Photo by Amanda Timchak

BY COLIN MIXSON

Lower Manhattan had a white October!

Insulation work at a Fulton Street construction site dumped a flurry of foam particles on Lower Manhattan over the course of several days earlier this month, creating an effect like warm-weather snow that covered city streets for several blocks around the worksite with the puffy white stuff, according to witnesses.

“It was falling like a blizzard, not even joking,” said Manny Correa, a concierge at a residential building across the street from the Fulton Street worksite between Broadway and Nassau Street.

The foam snowstorm started up on Oct. 2, and locals spotted the flecks of falling insulation from as far away as City Hall Park, about three blocks from where the 30-story hotel is going up, according to Nassau Street resident Carrie Mulholland.
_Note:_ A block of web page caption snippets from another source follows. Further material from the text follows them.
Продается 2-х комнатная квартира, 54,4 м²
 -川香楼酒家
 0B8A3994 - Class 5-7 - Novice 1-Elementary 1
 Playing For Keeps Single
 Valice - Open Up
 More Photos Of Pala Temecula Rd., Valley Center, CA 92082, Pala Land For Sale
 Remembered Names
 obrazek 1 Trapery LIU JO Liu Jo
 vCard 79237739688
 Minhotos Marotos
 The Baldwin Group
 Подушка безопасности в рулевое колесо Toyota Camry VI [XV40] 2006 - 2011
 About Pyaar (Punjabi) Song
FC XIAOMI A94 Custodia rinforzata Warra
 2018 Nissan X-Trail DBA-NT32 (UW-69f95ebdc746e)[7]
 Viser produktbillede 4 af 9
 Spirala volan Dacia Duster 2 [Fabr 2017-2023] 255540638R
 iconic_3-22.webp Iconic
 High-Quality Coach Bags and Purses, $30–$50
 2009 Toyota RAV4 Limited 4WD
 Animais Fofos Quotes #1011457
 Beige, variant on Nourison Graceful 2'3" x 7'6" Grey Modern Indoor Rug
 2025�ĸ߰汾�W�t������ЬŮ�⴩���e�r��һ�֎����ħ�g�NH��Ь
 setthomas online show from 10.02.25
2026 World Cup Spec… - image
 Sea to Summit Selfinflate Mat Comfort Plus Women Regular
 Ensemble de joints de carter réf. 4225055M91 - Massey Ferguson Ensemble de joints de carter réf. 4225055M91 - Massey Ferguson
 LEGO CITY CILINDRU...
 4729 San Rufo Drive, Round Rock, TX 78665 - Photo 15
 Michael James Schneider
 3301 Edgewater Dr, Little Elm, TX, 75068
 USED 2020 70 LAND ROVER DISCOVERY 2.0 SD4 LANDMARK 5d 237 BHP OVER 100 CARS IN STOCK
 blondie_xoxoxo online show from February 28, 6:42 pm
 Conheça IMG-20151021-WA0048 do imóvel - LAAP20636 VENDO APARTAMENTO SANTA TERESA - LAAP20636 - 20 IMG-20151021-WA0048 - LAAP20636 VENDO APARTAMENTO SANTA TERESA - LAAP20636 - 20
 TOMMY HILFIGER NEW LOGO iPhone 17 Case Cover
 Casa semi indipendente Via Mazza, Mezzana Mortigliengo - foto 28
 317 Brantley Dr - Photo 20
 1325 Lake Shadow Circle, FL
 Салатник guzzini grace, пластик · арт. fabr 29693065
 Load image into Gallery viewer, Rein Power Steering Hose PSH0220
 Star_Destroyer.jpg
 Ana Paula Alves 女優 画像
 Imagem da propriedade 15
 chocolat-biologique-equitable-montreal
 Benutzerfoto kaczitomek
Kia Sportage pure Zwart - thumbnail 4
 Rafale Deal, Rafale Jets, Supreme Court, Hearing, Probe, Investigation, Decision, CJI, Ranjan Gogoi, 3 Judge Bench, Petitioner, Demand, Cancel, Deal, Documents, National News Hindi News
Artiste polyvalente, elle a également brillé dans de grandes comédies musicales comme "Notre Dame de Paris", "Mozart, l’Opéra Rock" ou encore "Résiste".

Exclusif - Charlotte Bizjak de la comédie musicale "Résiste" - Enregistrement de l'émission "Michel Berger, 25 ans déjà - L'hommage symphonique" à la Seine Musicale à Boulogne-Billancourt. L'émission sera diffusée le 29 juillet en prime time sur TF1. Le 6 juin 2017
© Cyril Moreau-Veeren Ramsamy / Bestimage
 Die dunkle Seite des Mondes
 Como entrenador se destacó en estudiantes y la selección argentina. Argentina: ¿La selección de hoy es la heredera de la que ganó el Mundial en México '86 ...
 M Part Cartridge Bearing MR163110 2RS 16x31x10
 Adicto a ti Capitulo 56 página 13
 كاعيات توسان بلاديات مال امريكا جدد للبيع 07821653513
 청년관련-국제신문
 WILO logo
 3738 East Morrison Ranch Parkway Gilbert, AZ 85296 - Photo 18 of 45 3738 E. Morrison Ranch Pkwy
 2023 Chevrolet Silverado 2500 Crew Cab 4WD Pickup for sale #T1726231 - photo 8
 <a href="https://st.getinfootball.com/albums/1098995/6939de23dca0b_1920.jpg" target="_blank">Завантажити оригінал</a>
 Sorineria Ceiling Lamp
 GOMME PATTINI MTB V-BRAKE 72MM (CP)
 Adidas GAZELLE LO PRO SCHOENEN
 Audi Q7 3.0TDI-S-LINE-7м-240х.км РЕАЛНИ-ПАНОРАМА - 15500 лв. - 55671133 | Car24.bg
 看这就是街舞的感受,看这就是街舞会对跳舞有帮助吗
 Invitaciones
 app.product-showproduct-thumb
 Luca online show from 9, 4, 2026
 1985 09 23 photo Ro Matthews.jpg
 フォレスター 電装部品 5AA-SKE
Across the street from the construction site, workers at a GNC store said the faux snow kept blowing in through their front door, and Correa said the foam piled up so fast in the lobby of his building that he “couldn’t sweep enough of it.”

The insulation debris could be seen in street cracks and flowing into storm drains for days following the unseasonal October “snow.”
Photo by Amanda Timchak

Street cleaners got some of the foam, but the stuff can still be found in cracks, along curbs and flowing into storm drains all around the worksite, according to Fulton Street resident Amanda Timchak.

“It’s floating all around the streets,” said Timchak. “It’s in every little puddle in the Financial District.”

The white debris came from insulation being installed along the exterior of the sky-high hotel, which was sanded off by workers in order to fit the foam panels together, according to Elias Nelon, a supervisor overseeing work on the hotel.

The contractor was able to fix the problem by installing a vacuum on the sanders workers used to smooth out the insulation, and by Oct. 6 the company had reduced the amount of debris generated by the work by 90-percent, Nelon said.

Inspectors from the Department of Buildings swung by the worksite four times from Oct. 2 to Oct. 6, but didn’t notice any violations of the city’s building code, according to spokesman Andrew Rodansky.

The city agency registered an additional 311 complaint following the Oct. 6 inspection — and after Nelon claimed the problem was fixed — and another DOB appraisal is forthcoming, Rodansky said.